-- MATERIAL PROVIDED --
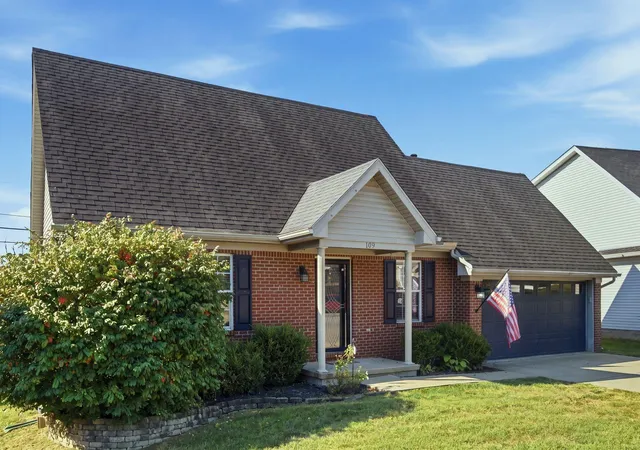 Photo 3 of Sale Pending at 109 Allison Cir, Nicholasville, KY 40356 | MLS# 26027302 | Listing updated on 2026-10-19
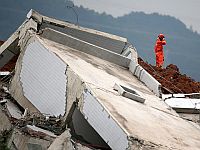 Жертвами обрушения здания в Китае стали более 50 человек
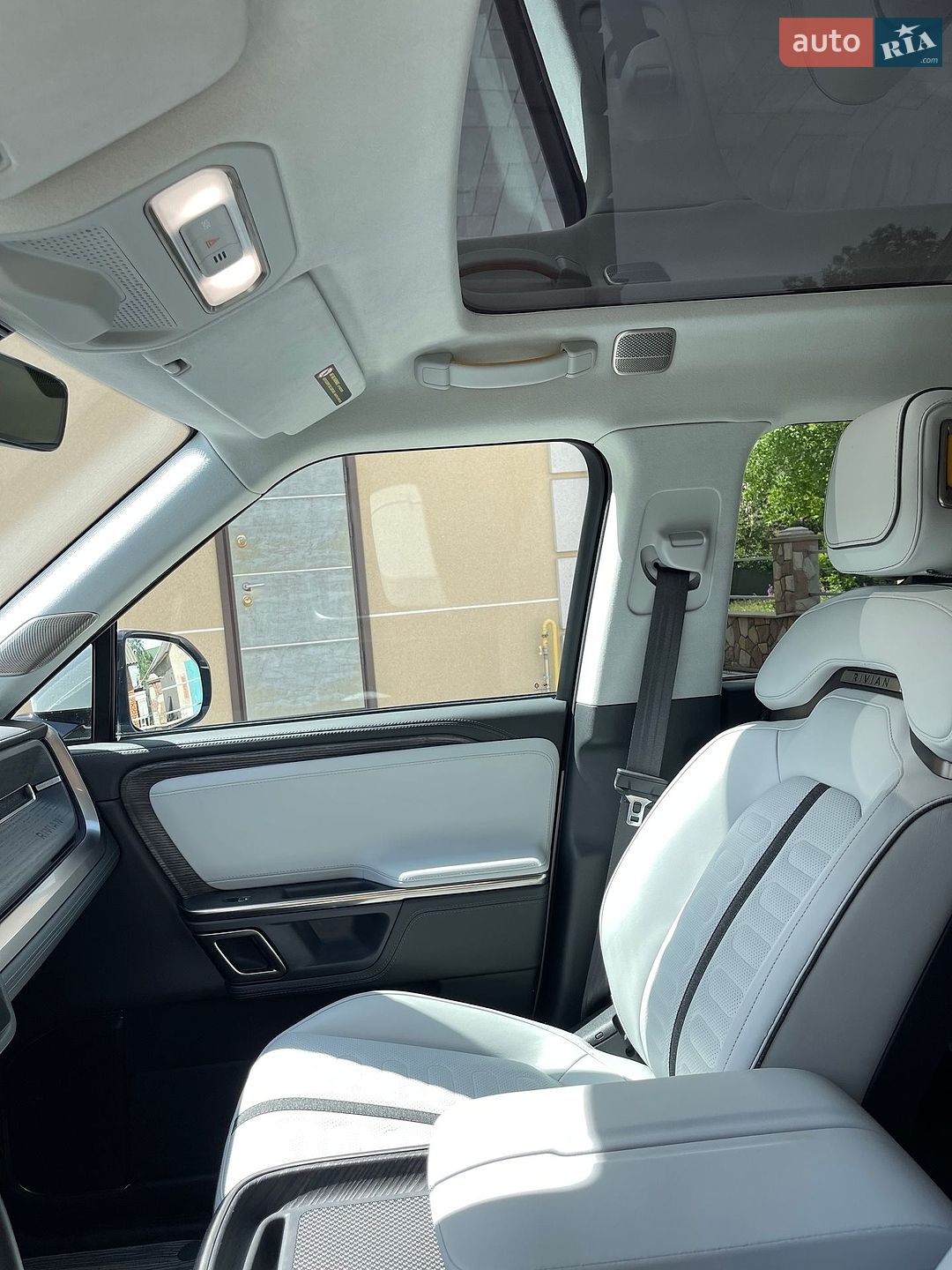 Rivian R1S 2023 VIN 7PDSGABA9PN028224 фото оголошення 25 з 39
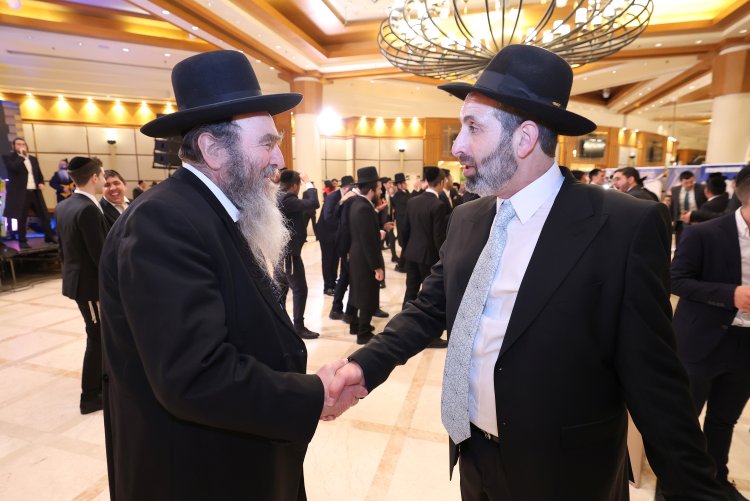 ראש עיריית אלעד השיא את ביתו - רבנים ואישי ציבור הגיעו לשמחה (צילום: יעקב כהן)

-- GOAL OF THE EXERCISE --
Do not include the pictures. Quote only the lines from the line with "Rivian R1S 2023" through the end of the material, both ends included, exactly.

-- WRITTEN SOLUTION --
 Rivian R1S 2023 VIN 7PDSGABA9PN028224 фото оголошення 25 з 39
 ראש עיריית אלעד השיא את ביתו - רבנים ואישי ציבור הגיעו לשמחה (צילום: יעקב כהן)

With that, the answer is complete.